The Atlantic Telegraph Company was registered in 1856 with a capital of £350 as a direct result of the efforts of Charles Bright, John Watkins Brett and his brother Jacob and the American Cyrus W. Field. Manufacture of the cable was started in 1857 and attempts to lay it began the same year from the British ship Agamemnon and the American ship Niagara. These were warships that had been lent to the project by the British and American governments. A number of unsuccessful attempts were made with the cable breaking, but in 1858 they achieved success, the ships meeting in the mid-Atlantic. The cable was spliced together and the ships proceeded in opposite directions, the Niagara heading for Trinity Bay, Newfoundland, and the Agamemnon to Valentia Island, Co. Kerry, arriving on August 5th. This was a distance of 2000 nautical miles.
On 20th August at 5 pm. a first attempt was made by the Atlantic Telegraph to enquire about the collision of two ships off Newfoundland but no answer was received. The first message sent through wires was from Queen Victoria to the United States President, James Buchanan. The Saturday Review for August 1858 carried the headline,-"The Old and New Worlds are brought into instantaneous communication". The Gentleman's Magazine, 1858, Vol. 11, pp.179 and 407 gives a description of the event.
News of the success resulted in major celebrations and souvenirs found a keen and enthusiastic market. Remainders of the cable from the expedition were purchased by Tiffany, the jewellery company, which made them into little four-inch souvenir pieces.
The first cable only operated for three weeks. Until the early twentieth century, all the cables were a single wire.
Cyrus Field was an extremely industrious figure and he did not give up.
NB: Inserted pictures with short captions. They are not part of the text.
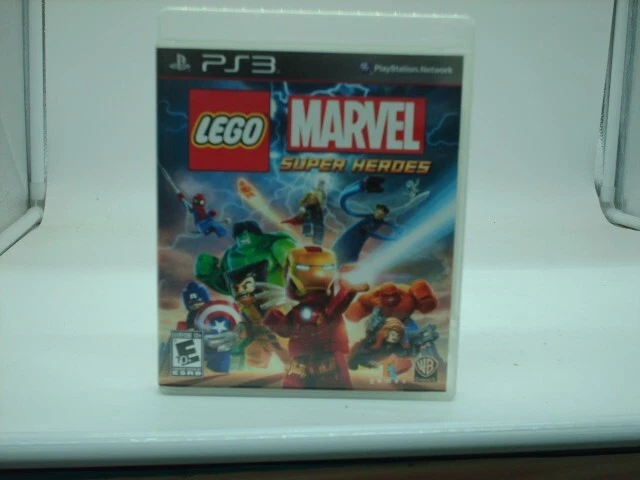Lego hotsell superheroes ps3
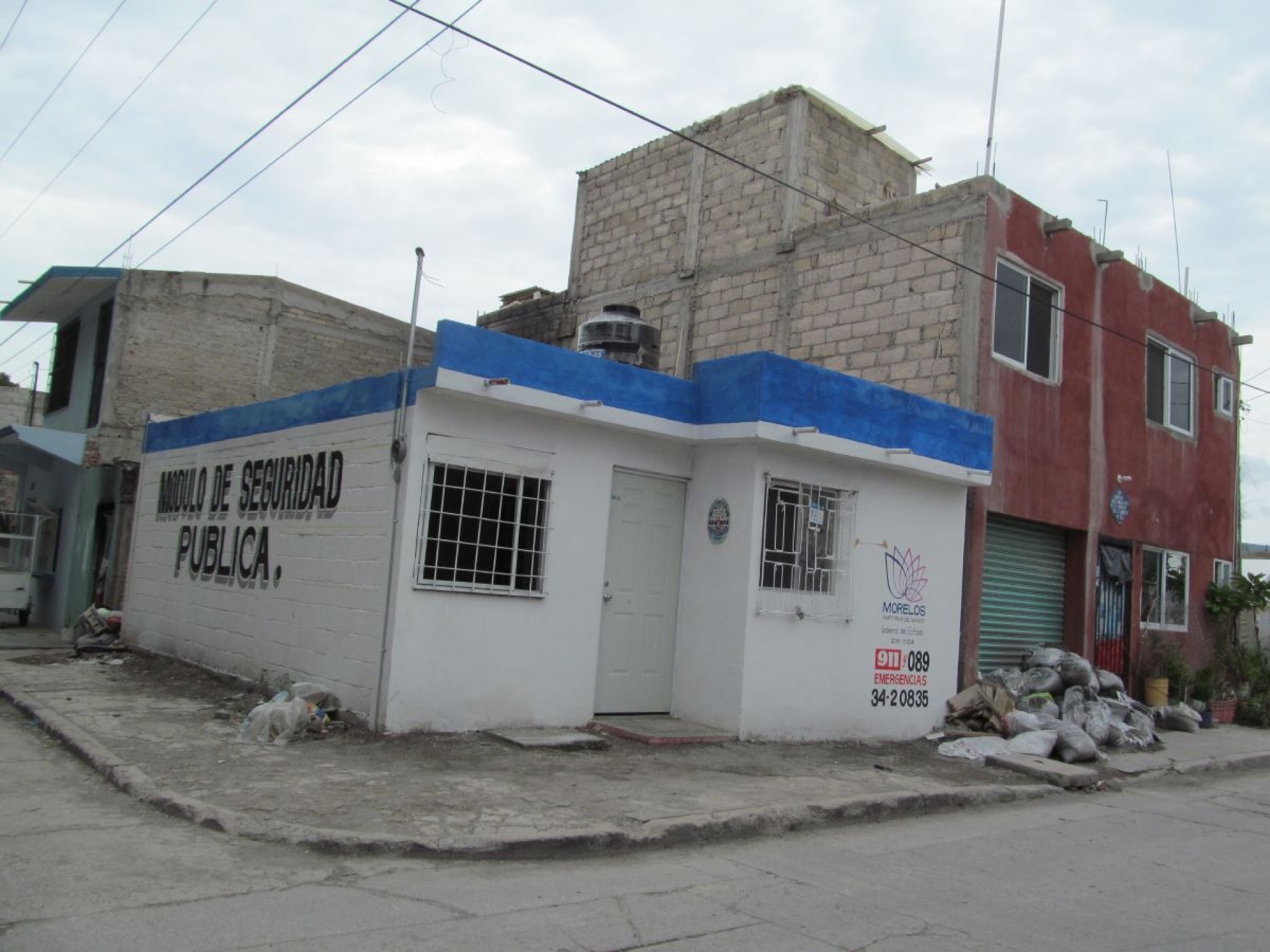 Módulo de seguridad opera al 60 por ciento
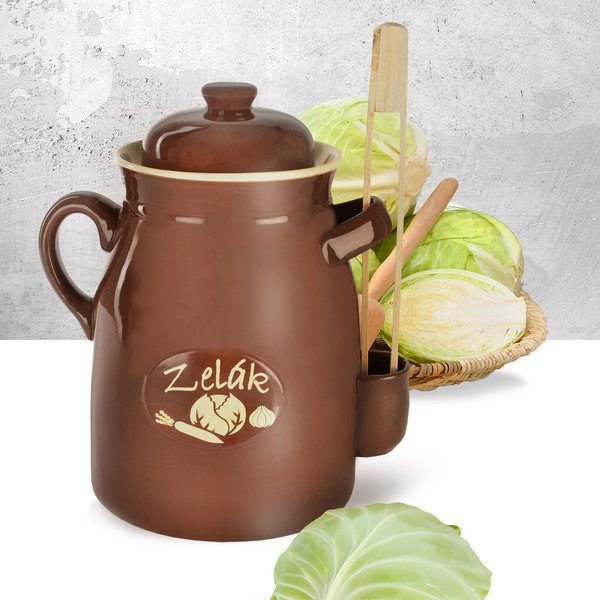 Vaso per fermentazione 6 l – Orion-image-1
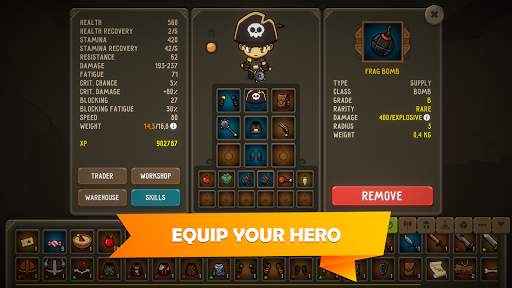 Kinda Heroes: RPG épique, sauvez la princesse ! screenshot 6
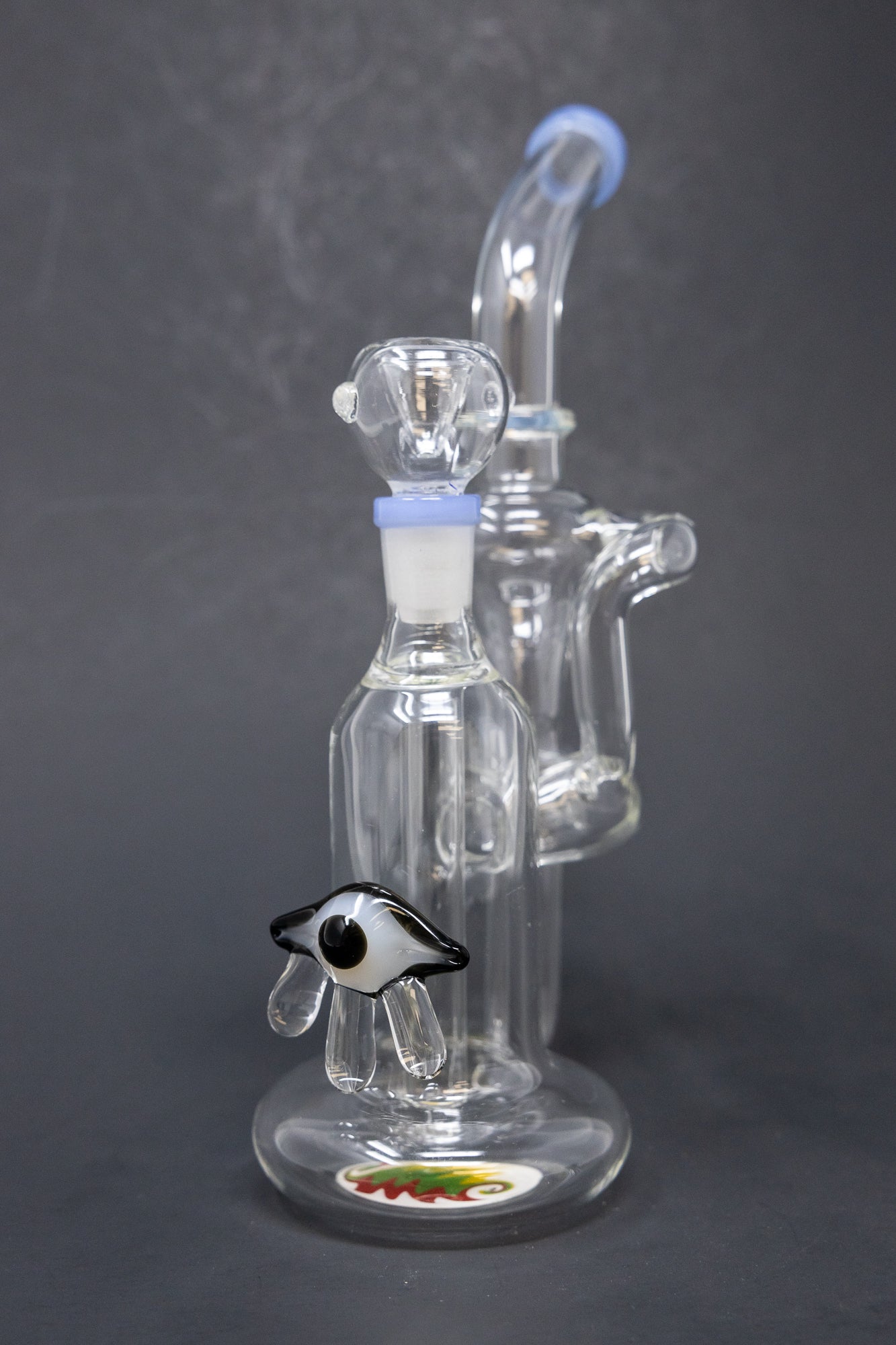 7" Eye Recycler Bong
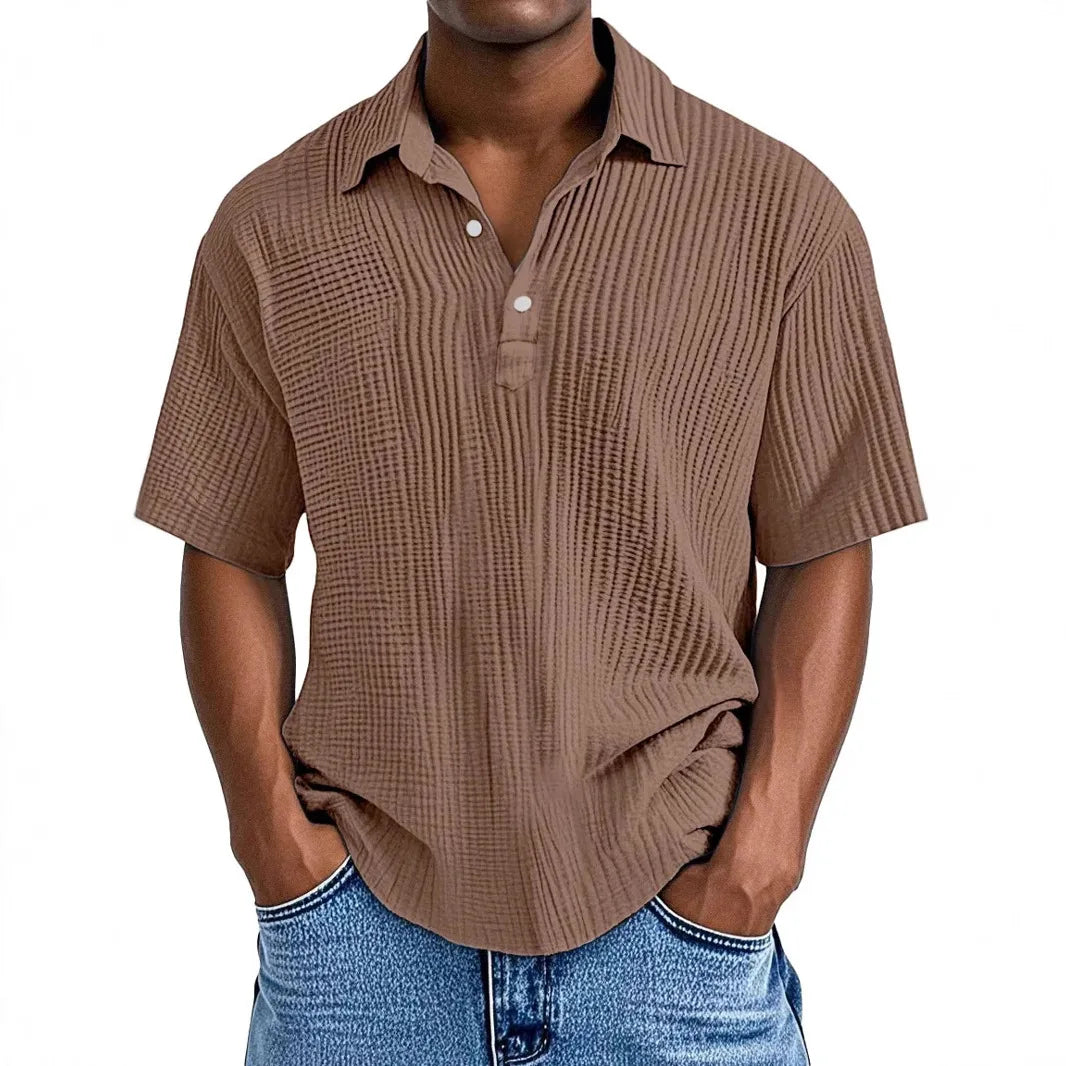 Beeckhoven™ | Retro Heren Zomershirt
In 1864 he set up another company, bought Isambard Kingdom Brunel's steamship Great Eastern, then the largest ship afloat, and converted it to lay cables.
By May 1865, 2,600 miles of new cable was ready.
The Great Eastern sailed from Ireland westwards, carrying the full length of cable.
But more than halfway through the journey, the cable snapped and was lost on the ocean floor.
Undeterred, the team led by engineer Samuel Canning tried once more.
The Great Eastern set sail again on 13 July 1866 and reached Hearts Content, Newfoundland, on 27 July. This time the cable's insulation held out, and the transatlantic link was established.
On 9 August the steamship set sail again for the point in the Atlantic where the cable had broken the previous year, which the crew had marked with a buoy. After over two weeks of trying, at the end of August, they managed to hook the end of the cable successfully and bring it aboard.
Early on Sunday 2 September, they took it to the instrument room. Silence fell as the electricians attempted to call Ireland. Daniel Gooch, chairman of the company, recorded in his diary, "I think my heart ceased to beat during those few minutes".
At last, an answering signal arrived from Ireland and the crew celebrated their amazing feat. The engineers spliced new cable to the end, and the Great Eastern steamed back to Hearts Content.
The 1866 expedition saved the investment in the 1865 cable, as well as doubling the capacity for signal traffic across the Atlantic.
In a matter of years, long-distance submarine cables linked continents and in 1902, a telegraph cable from Canada to New Zealand completed a network that encircled the globe.
Instantaneous global communication had finally arrived.
The undersea cables carrying our bytes of data are laid in much the same way today as the first Victorian telegraph cables.